---------- COLLECTED DATA ----------

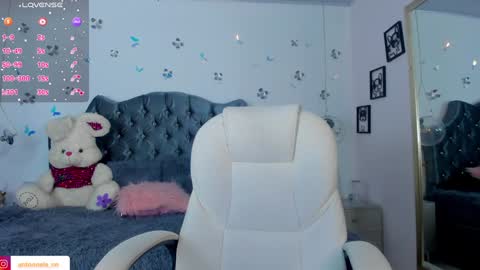 antonnela online show from December 2, 2024, 9:17 pm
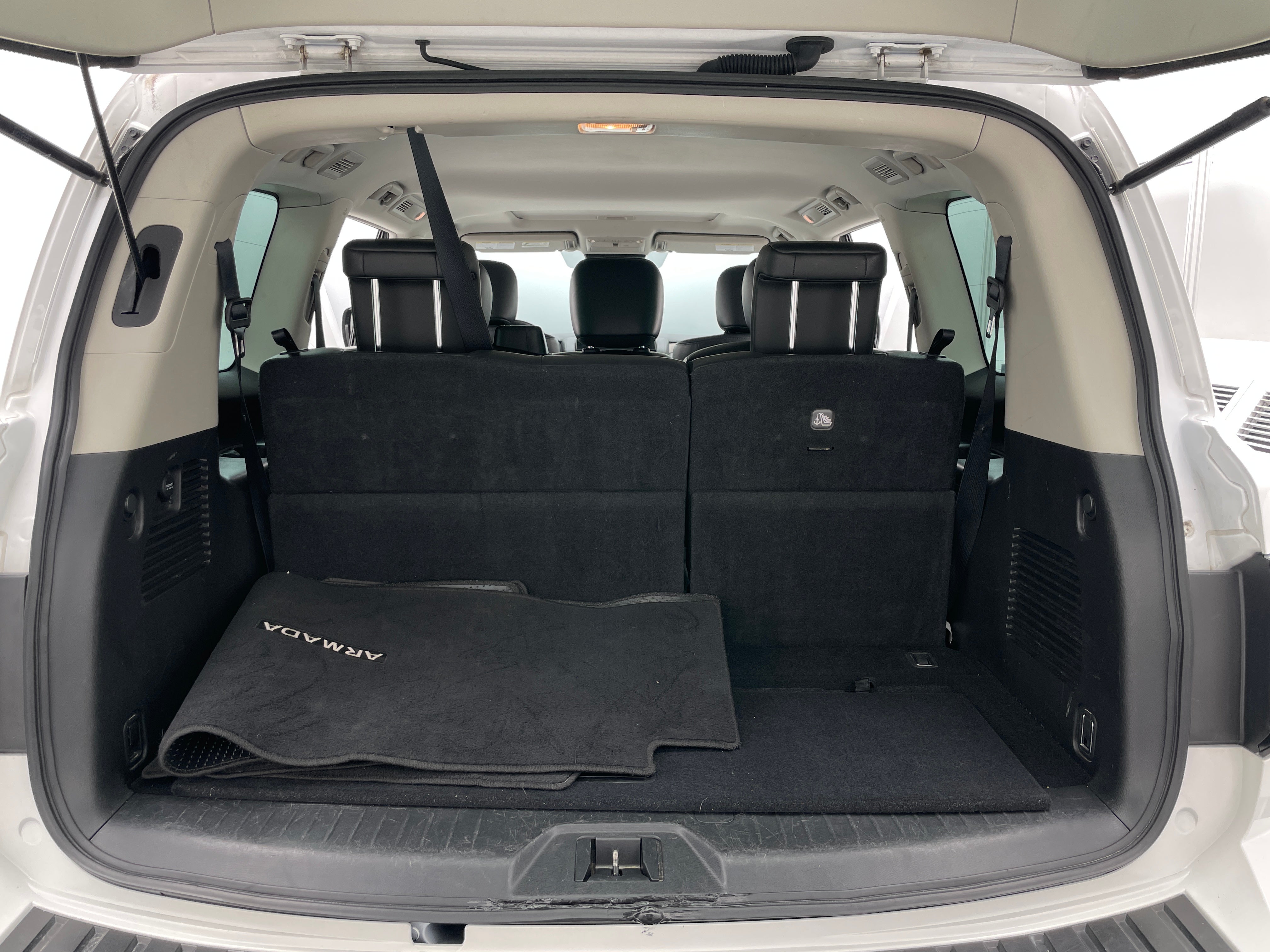 2023 Nissan Armada SL 6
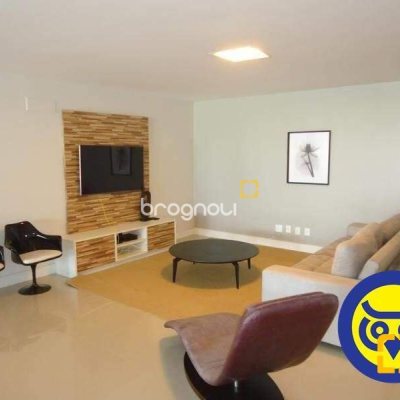 Apartamento com 258m², 4 quartos (sendo 4 suítes), 3 garagens, no bairro Cachoeira do Bom Jesus em Florianópolis
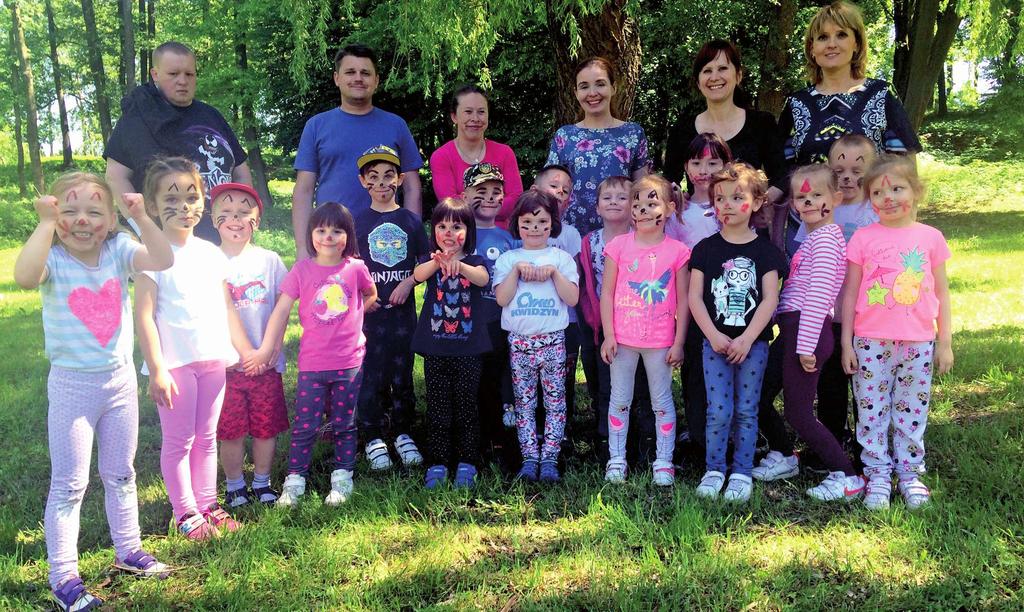 udział w pikniku zorganizowanym na terenie parku przy zabytkowym dworku w Górkach. Imprezę zorganizowano z okazji Dnia Dziecka. Wzięły w niej udział 4 i 5-letnie dzieci z grupy Pomarańczowej.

----------

● **ASSIGNMENT**
Pictures do not belong in the copy. Reproduce the rest of the data exactly.

● **FINISHED TASK**
 antonnela online show from December 2, 2024, 9:17 pm
 2023 Nissan Armada SL 6
 Apartamento com 258m², 4 quartos (sendo 4 suítes), 3 garagens, no bairro Cachoeira do Bom Jesus em Florianópolis
 udział w pikniku zorganizowanym na terenie parku przy zabytkowym dworku w Górkach. Imprezę zorganizowano z okazji Dnia Dziecka. Wzięły w niej udział 4 i 5-letnie dzieci z grupy Pomarańczowej.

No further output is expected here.